If you had a two-party system in Denmark or the Netherlands and tried to restrict/ban bicycles, you'd have single-issue voters for or against cycling, because it's very important to a part of the culture/people.

Jason
Posts: 2329
Joined: Mon Jan 30, 2017 8:37 am

Re: A brief discussion of abortion

Post by Jason » Sat Feb 24, 2018 12:14 pm

suomalainen wrote:
Thu Feb 22, 2018 12:23 pm
We declined to abort.
I would do your best not to mention that this was a considered option to the kid. Now that I'm in therapy, the oft-repeated "why didn't you wear a fucking rubber" comment heard through out my childhood probably had greater impact on me than I originally wanted to admit.

BRUTE
Posts: 3803
Joined: Sat Dec 26, 2015 5:20 pm

Re: A brief discussion of abortion

Post by BRUTE » Sat Feb 24, 2018 3:37 pm

If you look at the US itself http://www.pewresearch.org/fact-tank/20 ... our-state/ you'll see that importance of religion correlates fairly strongly with Red states.
interesting. brute is somewhat surprised that New England is considerably less religious on average than California/NY. although it's probably just due to the very stark city/rural split in CA/NY.

similar to the red/blue vote map for the last election, what's really interesting wasn't states but counties. for example, Illinois is all red except a few counties around Chicago, if brute remembers correctly.

jacob
Site Admin
Posts: 11395
Joined: Fri Jun 28, 2013 8:38 pm
Location: USA, Zone 5b, Koppen Dfa, Elev. 620ft, Walkscore 73
Contact:

Re: A brief discussion of abortion

Post by jacob » Sat Feb 24, 2018 4:38 pm

brute remembers correctly. The urban/rural division features strongly on the red/blue maps. Indeed, you can almost overlay one of those electric lights by night satellite pictures and it'll look very similar to election results at high-res(*). I think urban/rural attitudes/lifestyles is a better explanatory variable for guns than religion or education.
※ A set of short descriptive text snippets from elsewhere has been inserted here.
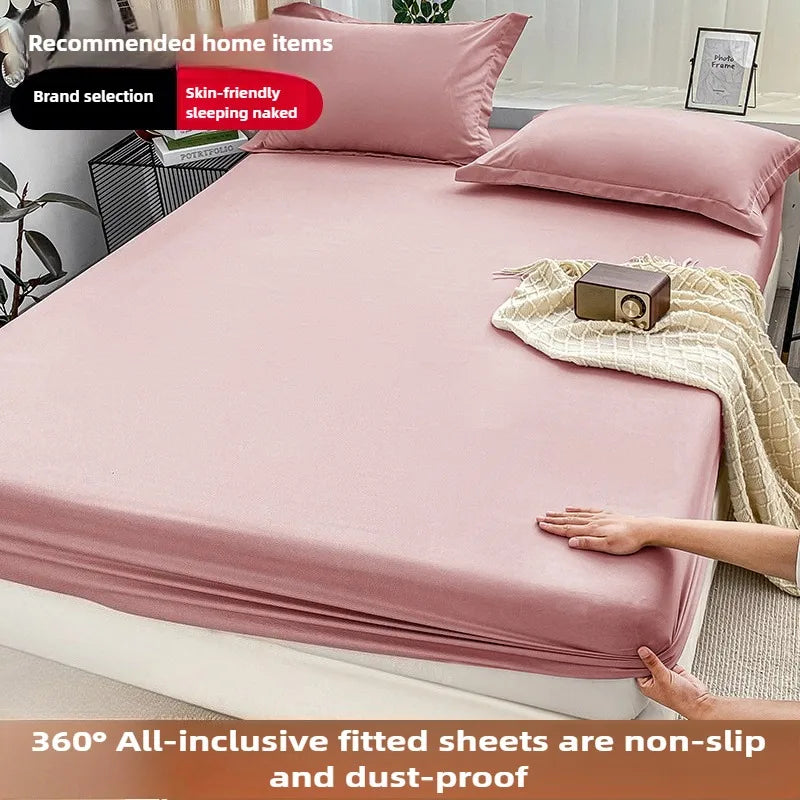 1Pc Fitted Bed Sheet With Elastic Band Solid Color Anti-slip Adjustable Mattress Cover for Single Double (No Pillowcase）.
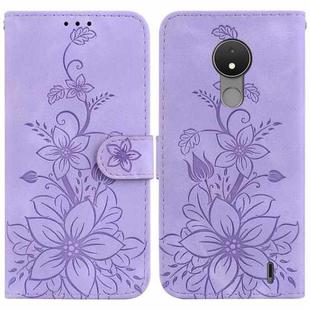 For Nokia C21 Lily Embossed Leather Phone Case(Purple)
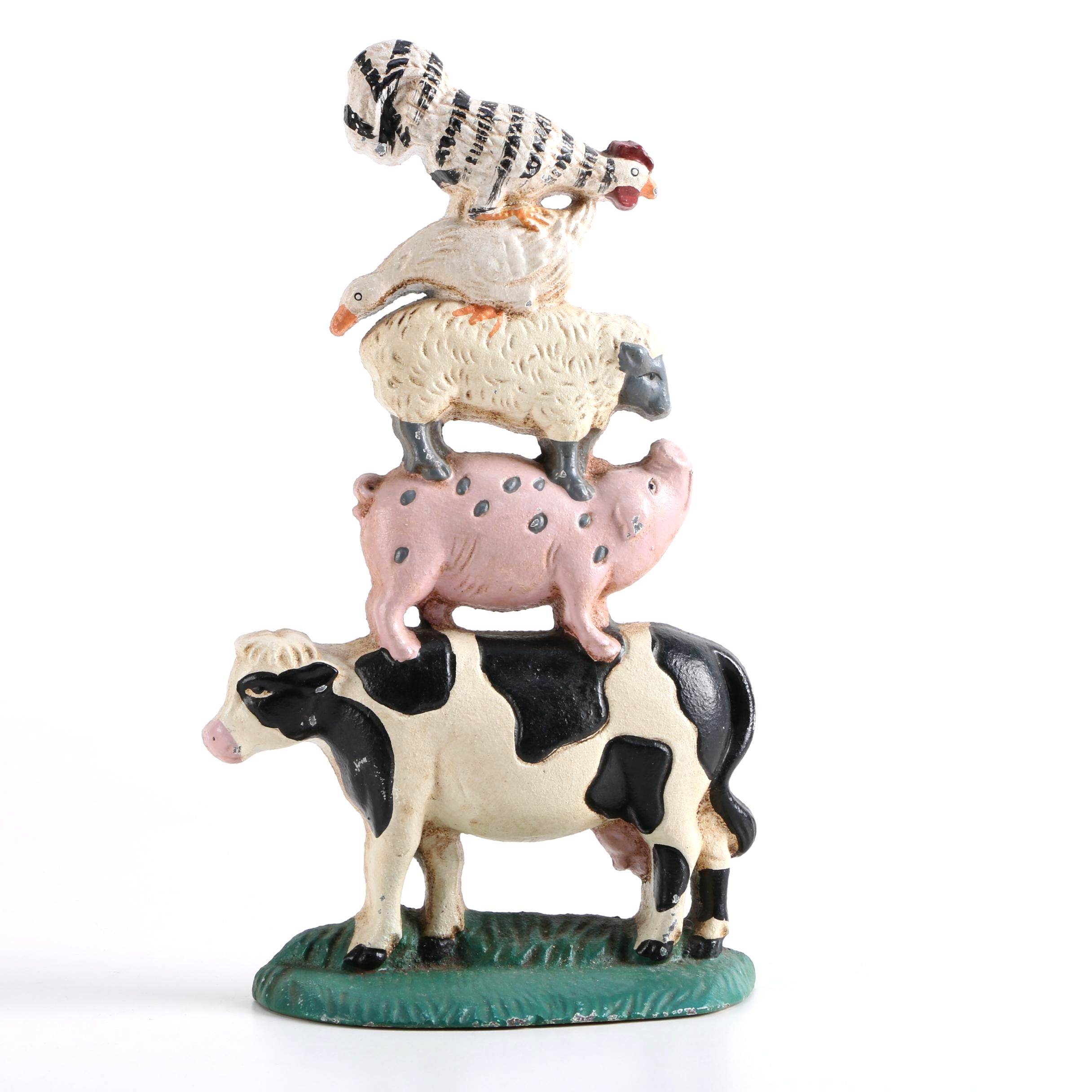 Hand-Painted Cast Iron Farm Animals Door Stop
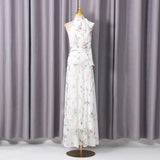 Floral Printed Ribbon Maxi Dress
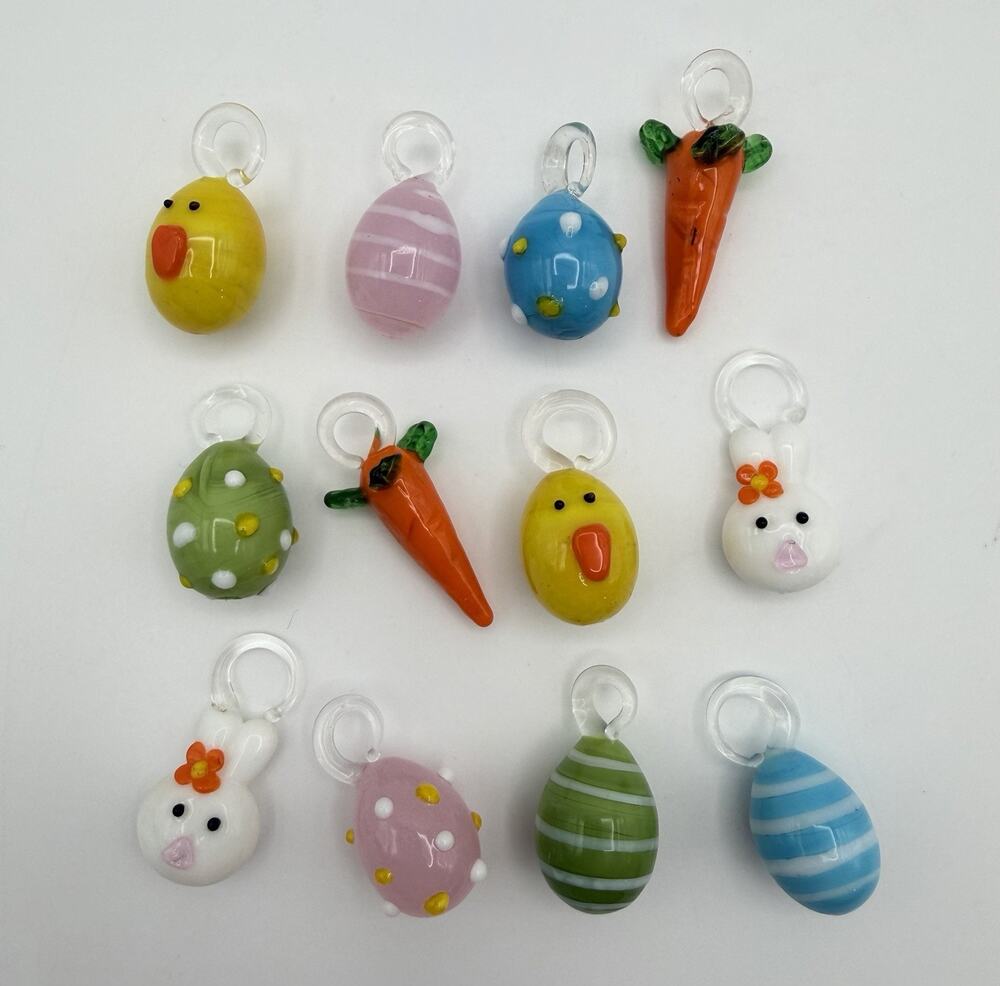 Pier 1 Mini Blown Glass Ornaments 12 for a Mini EASTER Tree Eggs Bunnies Carrots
http://www.pewforum.org/fact-sheet/publ ... -abortion/

(*) IOW, liberalism is caused by electricity! :idea:

BRUTE
Posts: 3803
Joined: Sat Dec 26, 2015 5:20 pm

Re: A brief discussion of abortion

Post by BRUTE » Sat Feb 24, 2018 4:57 pm

jacob wrote:
Sat Feb 24, 2018 4:38 pm
IOW, liberalism is caused by electricity! :idea:
now that's just science.

there's a certain argument that heavily regulated areas (= big coastal cities) are liberal and rich, therefore government regulation creates riches. brute has always held the libertarian view that government is like a cancer, and a rich host can sustain more cancer before dying off. hence, rich coastal cities can support more government and regulation than a poorer, rural area, without killing the host.

this could be argued the same way: one view is that humans in rich coastal cities are for abortion because they are more sophisticated, educated, and metropolitan. the other view is that they are for abortion because rich coastal cities allow for greater decadence and allow humans to be further removed from values/ethics that are required in harsher/poorer rural areas.

Jason
Posts: 2329
Joined: Mon Jan 30, 2017 8:37 am

Re: A brief discussion of abortion

Post by Jason » Sat Feb 24, 2018 4:58 pm

Evangelical Church planters generally view New England as the most challenging US region to start a congregation. Many don’t even consider it worthy of an attempt.

The intellectual antecedents that led to the dissolution of Protestatanism as hegemonic in America are found in New England. Trinitariamism (Emerson’s grand parents) became Unitarianism (Emerson’s parents) became Transcendatlism (Emerson). All Ivy League universities were originally seminaries but transitioned to bastions of secular thought by end of the 19th century. It reflected the general change experienced in America as the country transitioned from an agrarian to a manufacturing centric country. It’s when Methodists and Baptists supplanted Calvinism as the most significant branches of Christianity which, for the most part, are identified with the non-Eastern states due to mid 19th century evangelicalism efforts by those denominations in the south and mid-west.